Will UAV Proliferation Create Unfriendly Skies for Other Aircraft?
The U.S. military already operates at least 1,500 UAVs, and that number is expected to quadruple by the end of this decade, according to the U.S. Navy League. Agencies like the US Department of Homeland Security are ordering their own UAVs, and the difficulty of coordinating UAVs and manned traffic is already causing a factor in Iraq, where at least one collision with a UH-60 Blackhawk helicopter may have occurred. Meanwhile, Israeli researchers have figured out ways to incorporate flocking behavior and decision making into UAVs that improves upon individual UAV performance, and the US is investing in this area as well. In other words, not only will there be more UAVs, but more group/swarm UAV employment is also likely.
Can all this UAV traffic mingle safely with manned aircraft traffic, which is also expected to grow on the civilian side over the next decade?
Avionics Magazine looks at the issue, and notes that even Boeing and Airbus seem to agree on the solution: a technology called required navigation performance (RNP). As today’s field report article notes, however, a military solution will be at least as important if the full benefits of UAVs are to be realized on the battlefield.

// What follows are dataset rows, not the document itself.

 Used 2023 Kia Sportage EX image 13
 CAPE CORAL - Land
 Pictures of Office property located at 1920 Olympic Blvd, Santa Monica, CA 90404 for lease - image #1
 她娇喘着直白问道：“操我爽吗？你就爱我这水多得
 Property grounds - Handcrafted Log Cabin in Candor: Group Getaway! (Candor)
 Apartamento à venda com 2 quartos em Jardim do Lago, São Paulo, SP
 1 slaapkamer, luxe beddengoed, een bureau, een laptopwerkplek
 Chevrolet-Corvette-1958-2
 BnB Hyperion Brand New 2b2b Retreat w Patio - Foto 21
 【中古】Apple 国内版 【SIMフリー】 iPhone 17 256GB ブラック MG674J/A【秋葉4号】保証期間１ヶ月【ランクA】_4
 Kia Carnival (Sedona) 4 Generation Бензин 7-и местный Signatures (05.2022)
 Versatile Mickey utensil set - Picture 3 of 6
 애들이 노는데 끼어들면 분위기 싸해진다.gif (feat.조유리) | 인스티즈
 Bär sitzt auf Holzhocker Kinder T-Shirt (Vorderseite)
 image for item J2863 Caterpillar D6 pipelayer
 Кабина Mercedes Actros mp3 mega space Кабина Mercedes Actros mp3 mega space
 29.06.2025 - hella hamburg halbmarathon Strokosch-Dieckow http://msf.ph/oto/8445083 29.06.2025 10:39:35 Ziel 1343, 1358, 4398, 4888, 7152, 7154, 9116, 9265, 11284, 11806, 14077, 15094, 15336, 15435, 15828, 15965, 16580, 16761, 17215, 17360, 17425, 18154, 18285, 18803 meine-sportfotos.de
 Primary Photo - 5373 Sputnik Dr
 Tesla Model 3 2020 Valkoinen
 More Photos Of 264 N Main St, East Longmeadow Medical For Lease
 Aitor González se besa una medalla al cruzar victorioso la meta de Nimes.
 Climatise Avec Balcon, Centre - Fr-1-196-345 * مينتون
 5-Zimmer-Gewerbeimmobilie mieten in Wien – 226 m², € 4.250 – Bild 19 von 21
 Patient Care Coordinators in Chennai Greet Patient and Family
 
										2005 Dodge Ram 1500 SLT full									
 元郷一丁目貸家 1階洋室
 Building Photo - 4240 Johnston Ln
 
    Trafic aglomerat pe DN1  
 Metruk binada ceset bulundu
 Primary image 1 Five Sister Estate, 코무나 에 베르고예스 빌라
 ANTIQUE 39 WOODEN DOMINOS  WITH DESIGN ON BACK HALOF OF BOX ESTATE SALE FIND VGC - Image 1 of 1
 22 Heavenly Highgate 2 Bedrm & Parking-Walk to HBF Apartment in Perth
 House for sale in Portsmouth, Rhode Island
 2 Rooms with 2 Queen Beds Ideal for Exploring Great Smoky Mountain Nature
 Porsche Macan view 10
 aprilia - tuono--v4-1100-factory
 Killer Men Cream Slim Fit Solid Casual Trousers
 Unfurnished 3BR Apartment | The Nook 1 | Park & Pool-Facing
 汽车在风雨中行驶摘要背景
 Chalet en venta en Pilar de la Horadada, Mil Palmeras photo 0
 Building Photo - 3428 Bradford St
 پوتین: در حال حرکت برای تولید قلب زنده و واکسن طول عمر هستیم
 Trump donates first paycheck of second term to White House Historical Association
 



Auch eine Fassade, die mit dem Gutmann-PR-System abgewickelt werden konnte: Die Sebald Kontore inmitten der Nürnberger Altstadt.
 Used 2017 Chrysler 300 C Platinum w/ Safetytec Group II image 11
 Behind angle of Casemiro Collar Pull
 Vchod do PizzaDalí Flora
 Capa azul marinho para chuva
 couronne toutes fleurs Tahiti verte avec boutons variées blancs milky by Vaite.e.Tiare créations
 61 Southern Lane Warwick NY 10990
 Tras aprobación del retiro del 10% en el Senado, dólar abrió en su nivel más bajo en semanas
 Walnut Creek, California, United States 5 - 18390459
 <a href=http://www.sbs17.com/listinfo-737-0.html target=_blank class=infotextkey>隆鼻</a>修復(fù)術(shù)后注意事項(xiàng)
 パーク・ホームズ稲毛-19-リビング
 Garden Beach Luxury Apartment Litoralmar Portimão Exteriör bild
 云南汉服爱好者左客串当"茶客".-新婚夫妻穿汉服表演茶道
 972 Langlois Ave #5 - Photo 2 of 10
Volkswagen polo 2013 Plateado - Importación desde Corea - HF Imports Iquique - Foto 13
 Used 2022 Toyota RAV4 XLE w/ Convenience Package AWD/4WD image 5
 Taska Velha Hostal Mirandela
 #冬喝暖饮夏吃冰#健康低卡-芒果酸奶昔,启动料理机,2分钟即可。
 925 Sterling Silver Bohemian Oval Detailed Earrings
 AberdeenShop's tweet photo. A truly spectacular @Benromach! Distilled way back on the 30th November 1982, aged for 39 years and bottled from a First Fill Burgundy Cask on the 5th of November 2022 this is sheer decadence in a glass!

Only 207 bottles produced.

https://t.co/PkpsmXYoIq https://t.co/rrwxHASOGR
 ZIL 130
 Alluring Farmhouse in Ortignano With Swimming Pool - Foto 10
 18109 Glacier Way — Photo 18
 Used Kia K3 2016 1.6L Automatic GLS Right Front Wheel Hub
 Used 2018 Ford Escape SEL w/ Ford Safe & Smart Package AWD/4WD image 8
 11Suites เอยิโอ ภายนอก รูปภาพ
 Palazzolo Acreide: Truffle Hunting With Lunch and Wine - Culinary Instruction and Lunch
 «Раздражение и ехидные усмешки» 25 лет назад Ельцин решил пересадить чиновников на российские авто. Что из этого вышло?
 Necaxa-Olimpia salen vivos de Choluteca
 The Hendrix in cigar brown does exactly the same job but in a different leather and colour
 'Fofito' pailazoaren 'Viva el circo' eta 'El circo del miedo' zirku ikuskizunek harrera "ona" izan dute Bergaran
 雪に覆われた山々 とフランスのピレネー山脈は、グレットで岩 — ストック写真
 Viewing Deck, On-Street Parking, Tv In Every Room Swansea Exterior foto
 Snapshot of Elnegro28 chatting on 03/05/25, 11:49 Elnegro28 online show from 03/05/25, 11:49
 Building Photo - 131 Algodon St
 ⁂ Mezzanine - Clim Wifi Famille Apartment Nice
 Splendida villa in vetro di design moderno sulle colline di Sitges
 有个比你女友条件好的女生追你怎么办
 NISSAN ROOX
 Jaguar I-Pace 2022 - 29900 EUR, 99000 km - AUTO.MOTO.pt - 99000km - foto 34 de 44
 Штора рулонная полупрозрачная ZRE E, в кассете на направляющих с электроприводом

USAF Lt. Gen. Walter E. Buchanan III, commander of 9th Air Force and US Central Command Air Forces, discussed the 2004 Battle of Fallujah in the January 2006 issue of Air Force Magazine. He, too, is concerned about this issue:
“Here’s the problem we’re getting to: …I anecdotally understand we have over 1,000 UAVs on the ground, in the [area of responsibility], with the majority of those flying below 3,000 feet. That is a very thick environment. We have in fact had occasions where they have run into helicopters. Fortunately, to my knowledge, we have not hurt anybody yet. We have damaged airplanes and knocked them down, but we’ve not injured anybody. …My fear is, the day will come where we will have a C-130 full of troops and …a Scan Eagle, a Shadow, a Pioneer, whatever, is going to come through the cockpit and take out a C-130 because we did not deconflict. …Above 3,000 feet, we deconflict via altitude. I deconflict via space. I deconflict via time. …But folks have got to play by those rules, and I will tell you not everybody who’s flying UAVs in the AOR is a rated pilot that understands that, and that deconfliction piece.”